All of lore.kernel.org
 help / color / mirror / Atom feed
* filesystem benchmarking fun
@ 2007-05-16 14:42 Chris Mason
  2007-05-16 16:01 ` Chuck Ebbert
  2007-05-16 18:12 ` Jan Engelhardt
  0 siblings, 2 replies; 27+ messages in thread
From: Chris Mason @ 2007-05-16 14:42 UTC (permalink / raw)
  To: linux-kernel

Hello everyone,

I've been spending some time lately on filesystem benchmarking, in part
because my pet FS project is getting more stable and closer to release.
Now seems like a good time to step back and try to find out what
workloads we think are most important and see how well Linux is doing on
them.  So, I'll start with my favorite three benchmarks and why I think
they matter.  Over time I hope to collect a bunch of results for all of
us to argue about.

* fio: http://brick.kernel.dk/snaps/
Fio can abuse a file via just about every api in the kernel.  aio, dio,
syslets, splice etc.  It can thread, fork, record and playback traces
and provides good numbers for throughput and latencies on various
sequential and random io loads.

* fs_mark: http://developer.osdl.org/dev/doubt/fs_mark/index.html
This one covers most of the 'use the FS as a database' type workloads,
and can vary the number of files, directory depth etc.  It has detailed
timings for reads, writes, unlinks and fsyncs that make it good for
simulating mail servers and other setups.

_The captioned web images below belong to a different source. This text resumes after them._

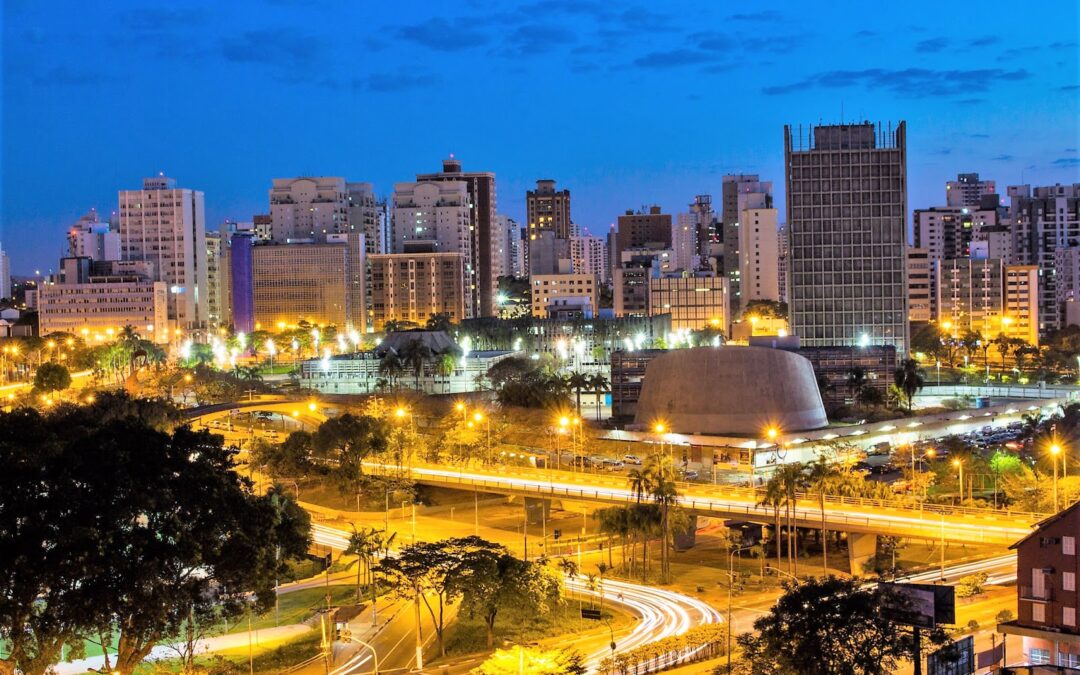 Iluminação pública LED em Santo Andre no Brasil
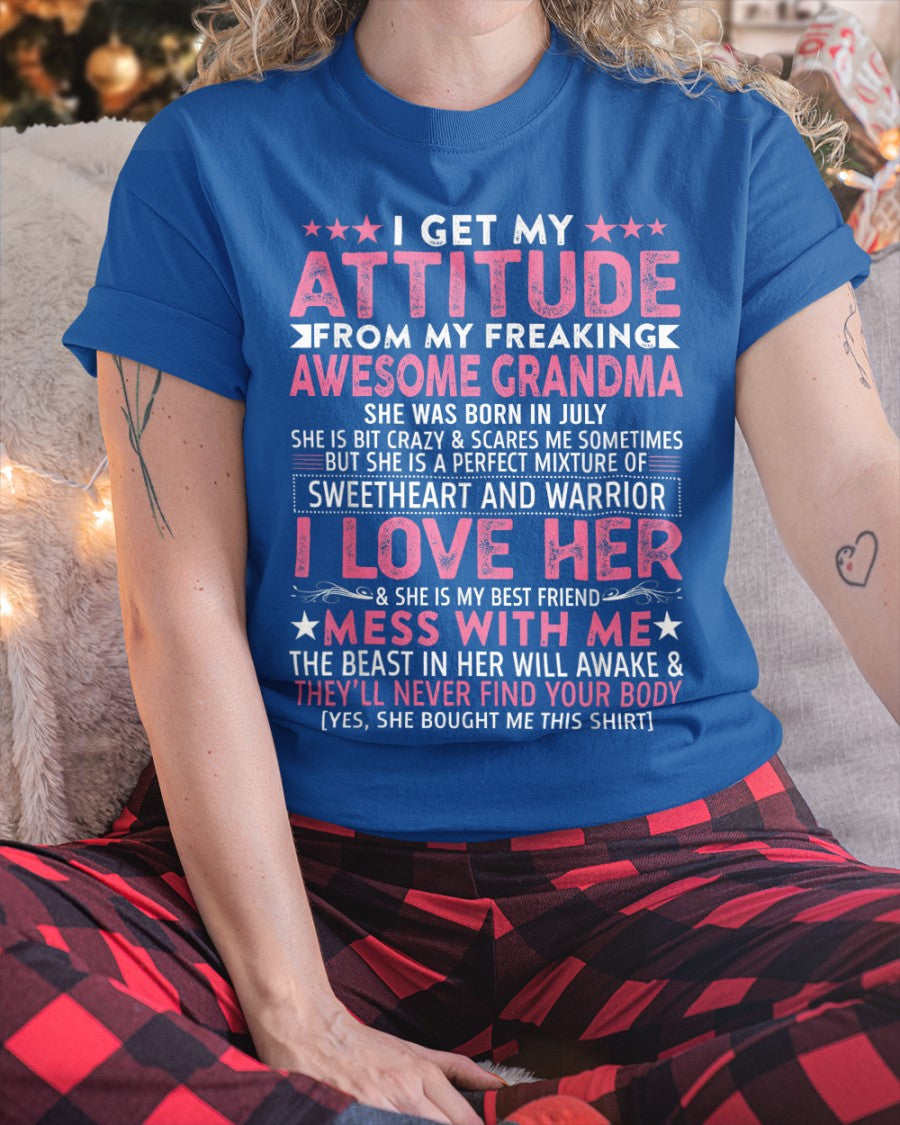 I GET MY ATTITUDE FROM MY GRANDMA JULY EDITION – FROM GRANDMA TO GRANDDAUGHTER NGHL07 (SKU07-163-07)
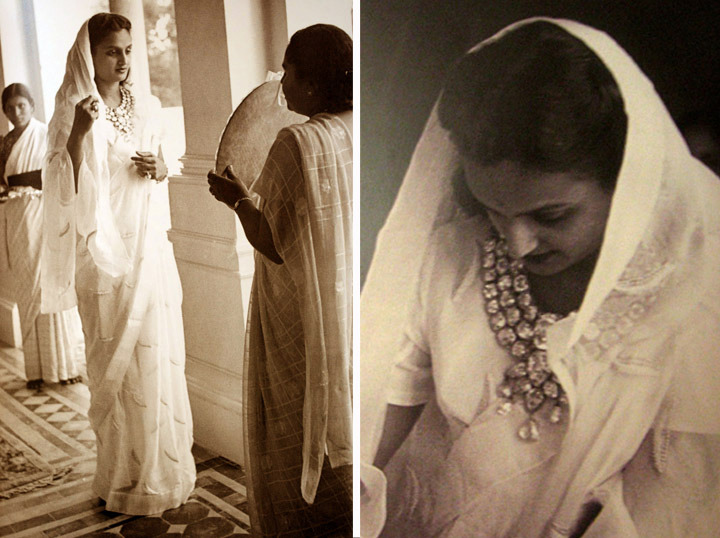 TWO-BROWNGIRLS — MAHARANI SITA DEVI OF BARODA (1917-1989) One of...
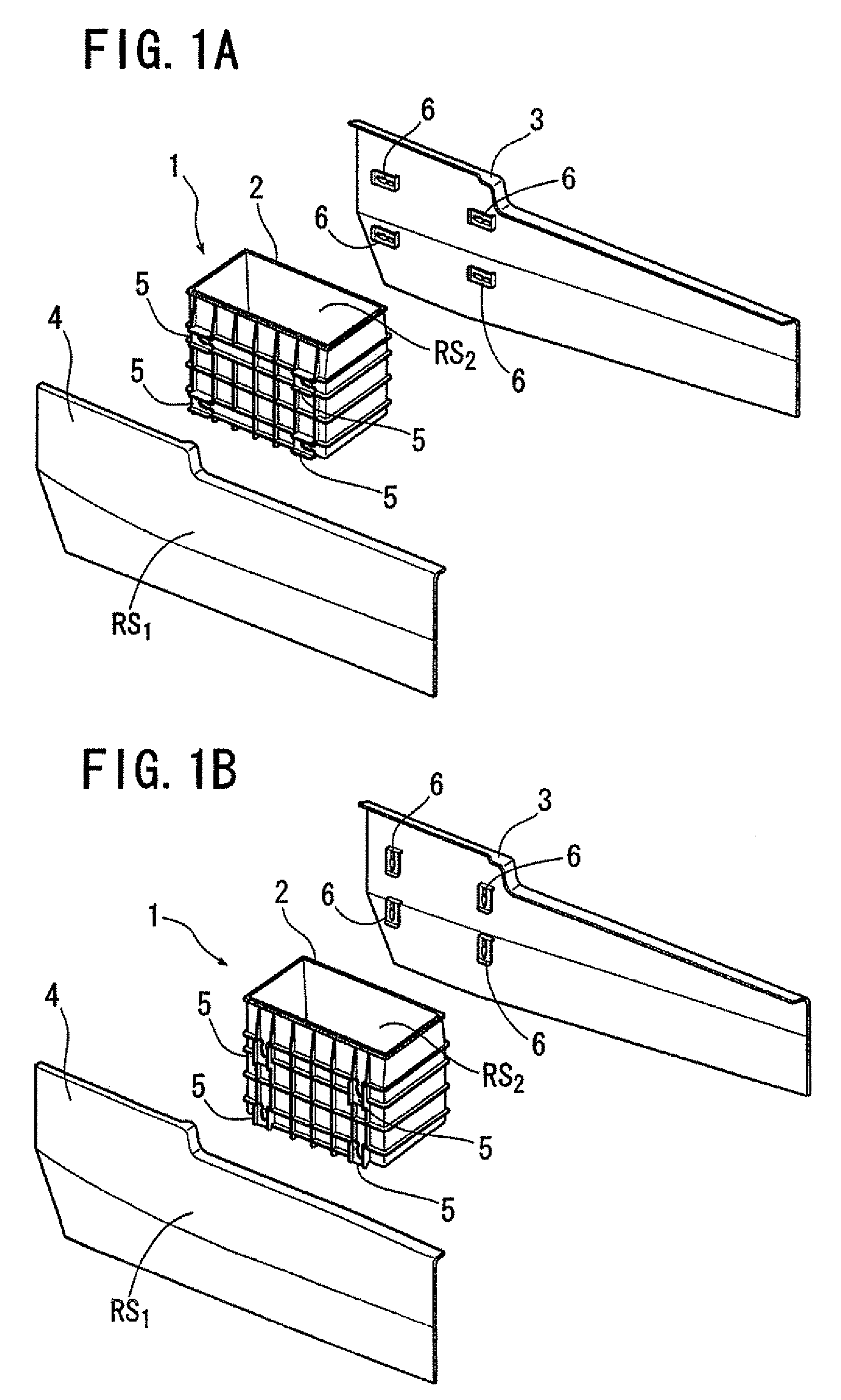 Component parts joining structure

* compilebench: http://oss.oracle.com/~mason/compilebench/
Tries to benchmark the filesystem allocator by aging the FS through
simulated kernel compiles, patch runs and other operations.

It's easy to get caught up in one benchmark or another and try to use
them for bragging rights.  But, what I want to do is talk about the
workloads we're trying to optimize for and our current methods for
measuring success.  If we don't have good benchmarks for a given
workload, I'd like to try and collect ideas on how to make one.

For example, I'll pick on xfs for a minute.  compilebench shows the
default FS you get from mkfs.xfs is pretty slow for untarring a bunch of
kernel trees.  Dave Chinner gave me some mount options that make it
dramatically better, but it still writes at 10MB/s on a sata drive that
can do 80MB/s.  Ext3 is better, but still only 20MB/s. 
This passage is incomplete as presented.